Generally, most varieties of chickens do well and cold weather. They have a thick layer of feathers to keep them warm. They need to have a roof to keep them dry and walls to keep them out of the wind. When they sleep, they will huddle together to keep each other warm, so insulating the coop and/or providing a heater are unnecessary unless the temperatures in your area drop and stay below 0° Fahrenheit for extended periods of time. Using a heater can be dangerous to the chickens because it makes it harder for them to naturally adapt to the cold they’ll be out in during the day, and heaters are a fire hazard. In areas with a lot of wind, wrapping the entire run in clear painters’ tarps or plastic can be an effective way to allow the chickens to have plenty of space to play while keeping them protected; be sure to leave some small open areas for ventilation and fresh air.

Feeding the chickens cracked corn can be an effective way to warm them up. The corn requires a lot of energy to digest, so as it sits in their crop and works its way through their system, it heats up their body. The crop can act as the chickens’ own little internal furnace.


Hot weather is much harder on chickens. They are pretty much wearing a down coat all year long, which makes hot temperatures a challenge for them. Chickens can typically handle temperatures up to 90° F if they have adequate shade and water.

If it gets above 90° F, the chickens are going to need some extra help. Deep shade is absolutely essential; giving them a way to get out of the sun and into a cooler area will help save their lives. Make sure that they have access to multiple sources of clean water that is refreshed each day. Provide hydrating, cool foods such as cucumber, cantaloupe, watermelon, and iceburg lettuce.

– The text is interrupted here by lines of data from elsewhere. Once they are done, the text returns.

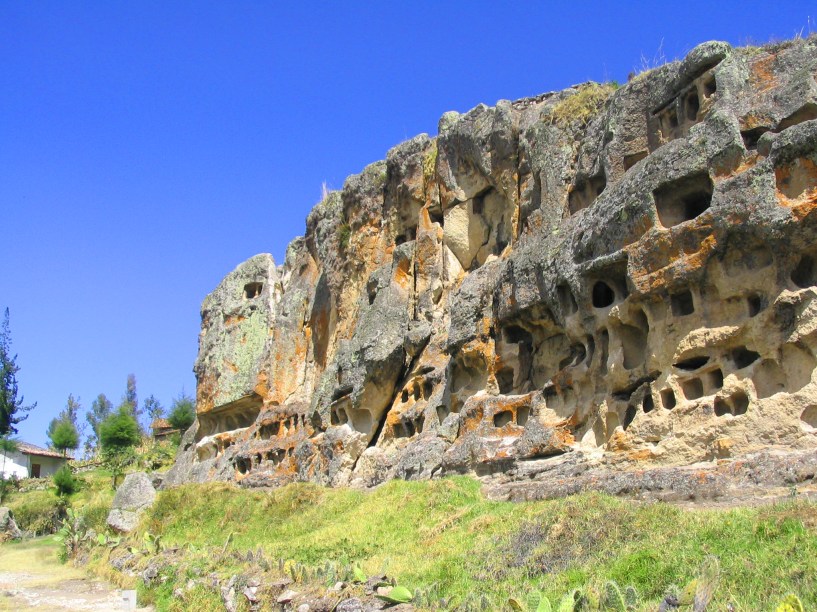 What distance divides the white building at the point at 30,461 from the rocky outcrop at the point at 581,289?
2653 cm

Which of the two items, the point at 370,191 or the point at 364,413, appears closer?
the point at 364,413

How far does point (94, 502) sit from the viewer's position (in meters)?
29.0

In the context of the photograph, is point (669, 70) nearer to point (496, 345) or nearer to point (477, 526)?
point (496, 345)

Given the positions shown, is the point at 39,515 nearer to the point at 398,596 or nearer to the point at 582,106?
the point at 582,106

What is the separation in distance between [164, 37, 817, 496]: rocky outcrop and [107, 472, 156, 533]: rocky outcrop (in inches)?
145

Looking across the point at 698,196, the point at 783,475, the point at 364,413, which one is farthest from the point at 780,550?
the point at 364,413

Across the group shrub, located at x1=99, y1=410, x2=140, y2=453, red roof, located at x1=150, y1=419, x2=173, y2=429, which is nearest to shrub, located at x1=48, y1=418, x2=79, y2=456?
red roof, located at x1=150, y1=419, x2=173, y2=429

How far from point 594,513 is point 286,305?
24290 mm

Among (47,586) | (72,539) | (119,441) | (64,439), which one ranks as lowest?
(47,586)

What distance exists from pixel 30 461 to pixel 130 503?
3056 centimetres

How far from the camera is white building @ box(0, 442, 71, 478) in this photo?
50.0 m

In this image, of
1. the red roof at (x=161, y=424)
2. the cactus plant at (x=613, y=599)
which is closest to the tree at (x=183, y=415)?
the red roof at (x=161, y=424)

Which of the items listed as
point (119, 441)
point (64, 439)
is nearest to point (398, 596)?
point (119, 441)

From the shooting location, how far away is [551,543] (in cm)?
1062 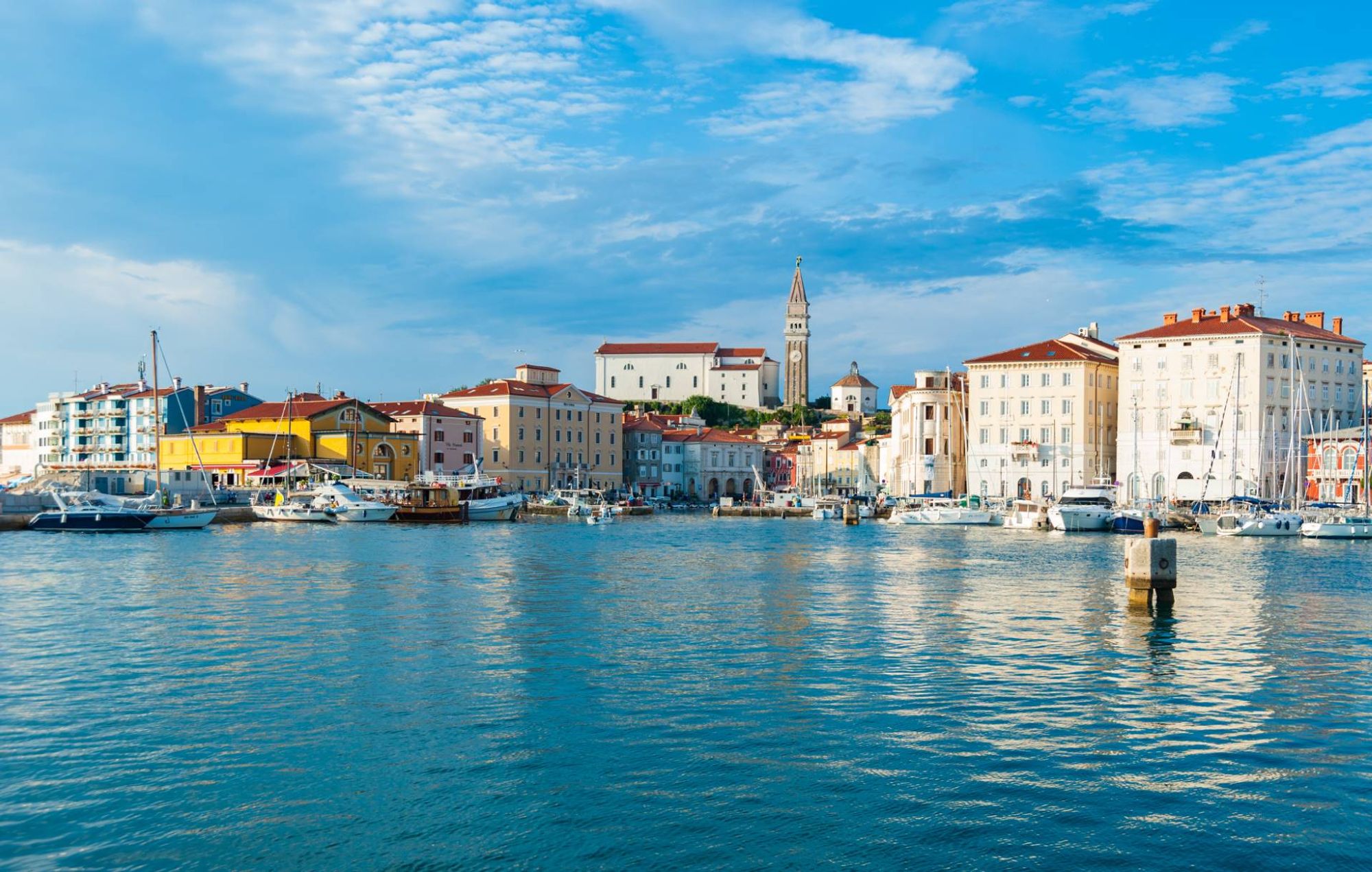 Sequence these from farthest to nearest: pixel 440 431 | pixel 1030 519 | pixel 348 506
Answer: pixel 440 431 < pixel 348 506 < pixel 1030 519

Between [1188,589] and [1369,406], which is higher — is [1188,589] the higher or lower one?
the lower one

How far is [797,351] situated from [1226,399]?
83499 mm

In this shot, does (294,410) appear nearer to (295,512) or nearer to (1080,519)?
(295,512)

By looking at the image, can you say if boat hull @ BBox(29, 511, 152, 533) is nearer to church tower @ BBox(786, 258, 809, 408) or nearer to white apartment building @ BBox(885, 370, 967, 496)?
white apartment building @ BBox(885, 370, 967, 496)

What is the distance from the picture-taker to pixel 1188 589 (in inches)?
1105

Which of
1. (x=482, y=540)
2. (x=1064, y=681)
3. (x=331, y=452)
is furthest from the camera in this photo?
(x=331, y=452)

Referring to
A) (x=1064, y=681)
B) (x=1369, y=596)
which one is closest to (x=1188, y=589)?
(x=1369, y=596)

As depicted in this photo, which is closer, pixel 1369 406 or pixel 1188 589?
pixel 1188 589

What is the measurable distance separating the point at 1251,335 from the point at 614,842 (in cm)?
7002

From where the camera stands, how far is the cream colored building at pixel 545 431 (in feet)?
306

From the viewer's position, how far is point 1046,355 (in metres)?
77.5

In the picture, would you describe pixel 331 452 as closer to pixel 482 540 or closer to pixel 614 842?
pixel 482 540

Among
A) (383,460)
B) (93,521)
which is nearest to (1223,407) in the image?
(383,460)

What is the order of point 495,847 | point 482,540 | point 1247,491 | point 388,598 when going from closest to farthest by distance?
point 495,847 < point 388,598 < point 482,540 < point 1247,491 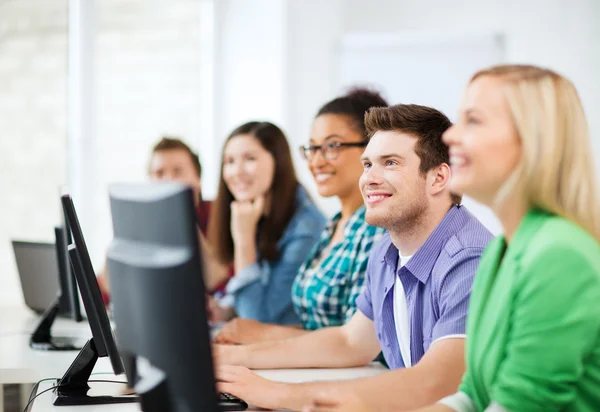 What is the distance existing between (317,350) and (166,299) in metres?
1.08

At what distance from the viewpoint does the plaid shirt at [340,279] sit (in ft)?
7.18

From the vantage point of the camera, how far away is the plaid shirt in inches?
86.2

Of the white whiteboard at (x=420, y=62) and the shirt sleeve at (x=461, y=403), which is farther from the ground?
the white whiteboard at (x=420, y=62)

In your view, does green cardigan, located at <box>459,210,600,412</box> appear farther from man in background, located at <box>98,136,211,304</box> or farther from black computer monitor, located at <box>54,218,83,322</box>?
man in background, located at <box>98,136,211,304</box>

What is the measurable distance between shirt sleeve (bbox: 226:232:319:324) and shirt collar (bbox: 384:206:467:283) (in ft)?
3.82

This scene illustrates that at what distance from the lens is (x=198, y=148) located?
16.8 ft

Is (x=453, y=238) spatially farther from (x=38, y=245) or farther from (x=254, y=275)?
(x=38, y=245)

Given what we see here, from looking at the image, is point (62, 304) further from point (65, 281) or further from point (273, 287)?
point (273, 287)

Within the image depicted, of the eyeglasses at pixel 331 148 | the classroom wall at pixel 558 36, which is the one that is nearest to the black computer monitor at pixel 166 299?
the eyeglasses at pixel 331 148

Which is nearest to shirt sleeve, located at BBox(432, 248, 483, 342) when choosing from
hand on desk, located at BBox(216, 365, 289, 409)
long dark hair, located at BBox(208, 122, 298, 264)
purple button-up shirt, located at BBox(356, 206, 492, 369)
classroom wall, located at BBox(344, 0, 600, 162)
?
purple button-up shirt, located at BBox(356, 206, 492, 369)

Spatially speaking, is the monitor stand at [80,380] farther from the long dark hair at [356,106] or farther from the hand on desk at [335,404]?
the long dark hair at [356,106]

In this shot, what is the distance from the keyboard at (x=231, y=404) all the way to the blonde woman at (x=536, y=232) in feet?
1.94

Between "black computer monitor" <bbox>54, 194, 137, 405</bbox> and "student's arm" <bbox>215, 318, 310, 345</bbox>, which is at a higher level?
"black computer monitor" <bbox>54, 194, 137, 405</bbox>

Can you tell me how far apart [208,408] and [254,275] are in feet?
6.21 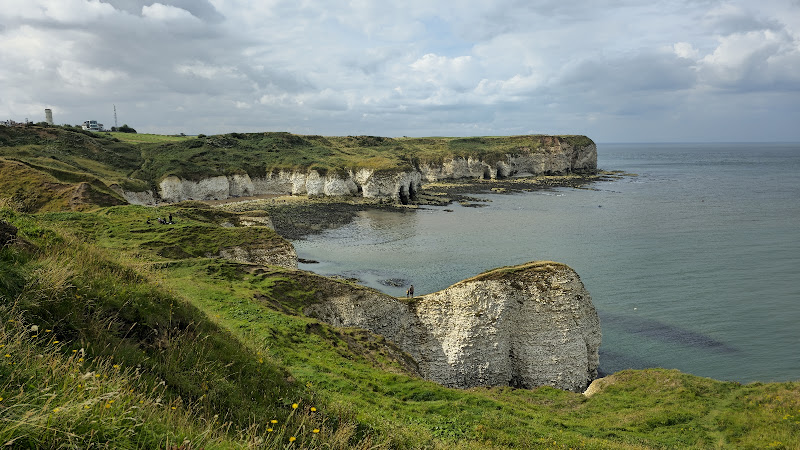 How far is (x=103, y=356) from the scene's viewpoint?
7.58 m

Chickens don’t like being wet and soaking them will actually interfere with their natural ways of cooling their bodies. However, there are two ways to use water to help them cool off. First, chickens cool off their bodies through their combs and their feet, so providing a shallow wading pool area (basically a puddle) where they can cool off their feet can be beneficial. Also, water misters can be helpful if they are used in only a small area of the run for limited amounts of time, just enough to add moisture to the air without soaking the area.